Hi: I'm analyzing data from a number of samples (different individuals). Some individuals were sequenced twice from different library preps, to increase coverage.
I've followed the documentation here for processing these samples. Specifically, I mapped and sorted each library separately, and assigned read group information. Then I marked duplicates while merging bams from all libraries belonging to the same individual. Example here:
java -Xmx16g -jar /programs/picard-tools-2.8.2/picard.jar MarkDuplicates \
INPUT= SRR1607505.sorted.bam I= SRR1607504.sorted.bam \
OUTPUT= PARV1.sorted.marked.bam \
That produced a single bam file that I did indel realignment on (following an older pipeline). From there I attempted to call variants using HaplotypeCaller
java -Xmx20g -jar /programs/bin/GATK/GenomeAnalysisTK.jar -T HaplotypeCaller
-R GCA_902806625.1.fa \
-I lamich_PARV1.sorted.marked.realigned.fixemate.bam \
-nct 10 \
--emitRefConfidence GVCF \
-o lamich_PARV1.g.vcf >&log_lamich_PARV1
But I get an error that HaplotypeCaller can only be used on one sample at a time.
ERROR MESSAGE: Invalid command line: Argument emitRefConfidence has a bad value: Can only be used in single sample mode currently. Use the sample_name argument to run on a single sample out of a multi-sample BAM file.
At what stage should I merge libraries from the same individual and what is the best way to do it? Is there an argument I am missing in MarkDuplicates?
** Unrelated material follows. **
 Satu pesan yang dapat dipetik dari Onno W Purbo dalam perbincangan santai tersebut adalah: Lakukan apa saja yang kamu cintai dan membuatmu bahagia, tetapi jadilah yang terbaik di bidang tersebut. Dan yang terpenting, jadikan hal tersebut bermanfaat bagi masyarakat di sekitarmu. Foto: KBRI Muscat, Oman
I also tried running HaplotypeCaller on individual libraries and then using MergeVcfs to merge the .g.vcf.gzs however I got an error that my sample entries did not match.
Exception in thread "main" java.lang.IllegalArgumentException: Input file /home/lc736_0001/sm983/ref_genome/SRR1607505.g.vcf.gz has sample entries that don't match the other files.
In addition, the documentation states that I should now run base recalibration (BQSR) instead of indel realignment. However, when I try to run that tool I get an error that I need to provide a VCF file containing known sites of genetic variation. I don't understand how to input such a file when my goal is to identify sites of genetic variation through this pipeline.
java -Xmx16g -jar /programs/bin/GATK/GenomeAnalysisTK.jar -T BaseRecalibrator \
-R GCA_902806625.1.fa \
-I lamich_PARV2.sorted.marked.bam \
ERROR MESSAGE: Invalid command line: This calculation is critically dependent on being able to mask out known variant sites. Please provide a VCF file containing known sites of genetic variation.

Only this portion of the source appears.